ImageURL: The URL of the movie’s poster image.
cursor = connection.cursor()
# Create table if it doesn't exist
cursor.execute('''
IF NOT EXISTS (SELECT * FROM sysobjects WHERE name='IMDB_Top_250_Movies_1' AND xtype='U')
BEGIN
CREATE TABLE IMDB_Top_250_Movies (
id INT IDENTITY(1,1) PRIMARY KEY,
Title NVARCHAR(255) NOT NULL,
Year INT,
MovieTime NVARCHAR(10),
Runtime NVARCHAR(10),
IMDB_Rating FLOAT,
Rating_Count NVARCHAR(20),
Description TEXT,
Director VARCHAR(255),
Stars VARCHAR(255),
ImageURL NVARCHAR(MAX)
)
END
''')
Inserting Data into the Table:
The loop below goes through each movie in the movies list, which is provided to the insert_into_database function. For every movie, it inserts the movie details (such as title, year, runtime, rating, and more) into the database. Placeholders (?) are utilized for the values, and the corresponding movie data (like movie[‘Title’], movie[‘Year’], etc.) is supplied in the correct sequence.
# Insert data into the table
for movie in movies:
cursor.execute('''
INSERT INTO IMDB_Top_250_Movies_1 (Title, Year, MovieTime, Runtime, IMDB_Rating, Rating_Count, Description, Director, Stars, ImageURL)
VALUES (?, ?, ?, ?, ?, ?, ?, ?, ?, ?)
''',
movie['Title'],
movie['Year'],
movie['Time'],
movie['Runtime'],
movie['IMDb Rating'],
movie['Rating Count'],
movie['Description'],
movie['Director'],
movie['Stars'],
movie['Image URL']
)
Committing Changes and Closing the Connection:
connection.commit()
cursor.close()
connection.close()
Once all movie data has been inserted into the database, connection.commit() is called to save the changes. After that, the cursor and database connection are closed.
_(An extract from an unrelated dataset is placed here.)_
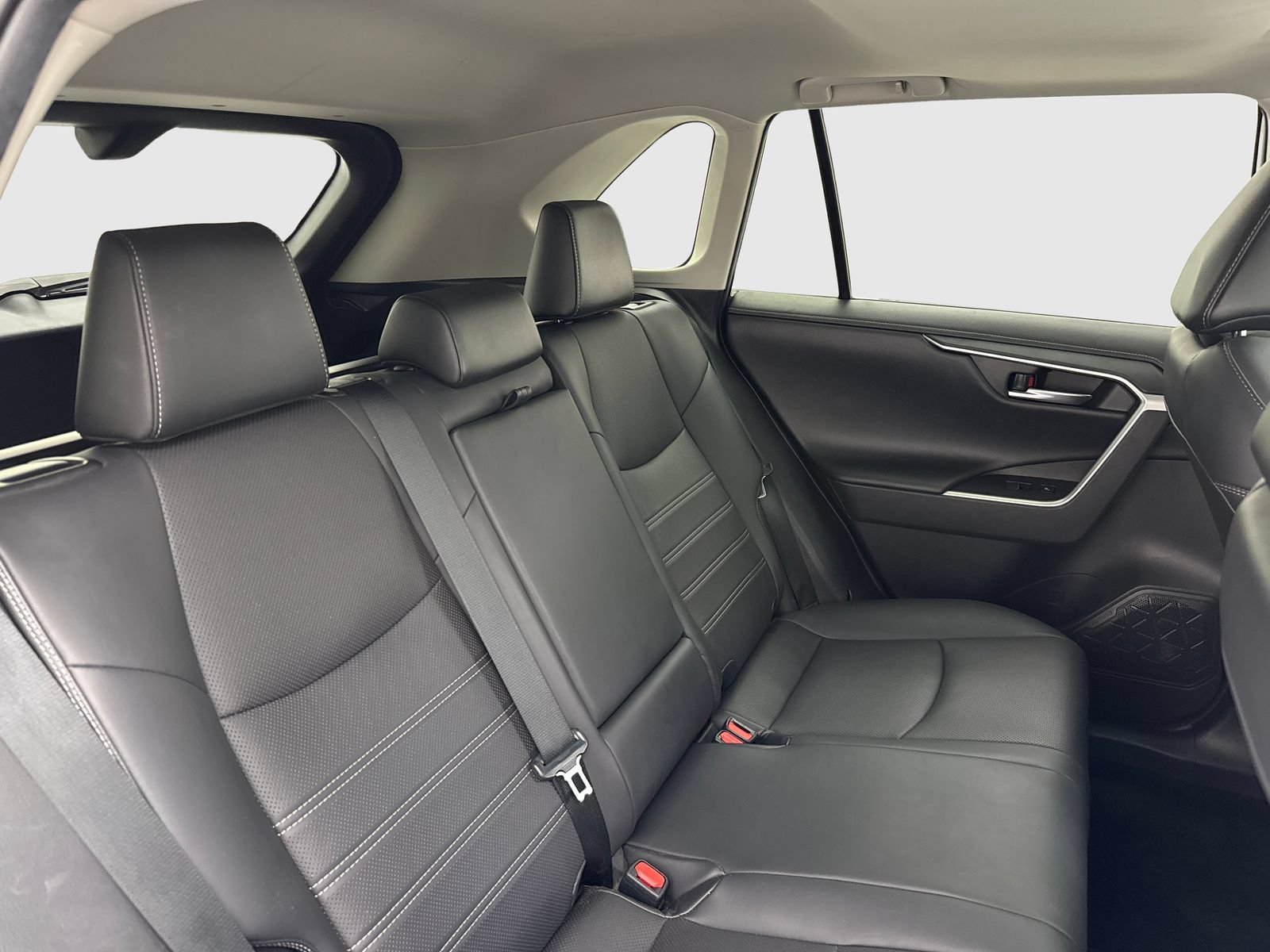 Used 2019 Toyota RAV4 Limited w/ Advanced Technology Package AWD/4WD image 44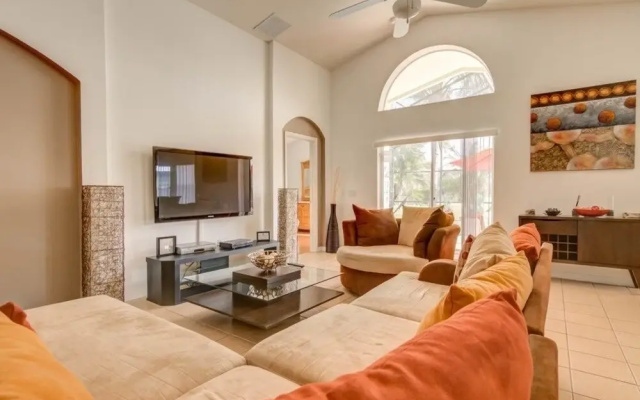 photo 4 of Lovely Lake 20 Min To Disney Large Pool! 4 Bedroom Home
Main Function – Executing the Scraper and Storing Data in SQL Server
In this final step, we establish the main entry point of our Python script. Here’s the process:
- Data Scraping:The script invokes the scrape_imdb_top_250() function to gather data from IMDb’s Top 250 movies list. If the data collection is successful, it outputs the total number of movies scraped.
- Storing Data in SQL Server:If movies are scraped successfully, the script then calls the insert_into_database() function, which inserts the scraped movie details into the SQL Server database.
Error Handling: If no data is scraped (in case of an error or failure), the script will notify you by printing “No data scraped.”
connection.commit()
cursor.close()
connection.close()
Conclusion
In this blog, you’ve discovered how to extract movie data from IMDb’s Top 250 list and save it in a SQL Server database using Python. We covered the entire process, including setting up a web scraper with Selenium, managing the data you collected, and inserting it into the database with Windows Authentication for smooth integration. You’ve now equipped yourself with the skills to automate web scraping and data management effectively!
Whether you’re tackling a personal project or developing a professional application, this method can be tailored to suit a wide range of situations. It can handle everything from basic data gathering to more intricate web scraping tasks.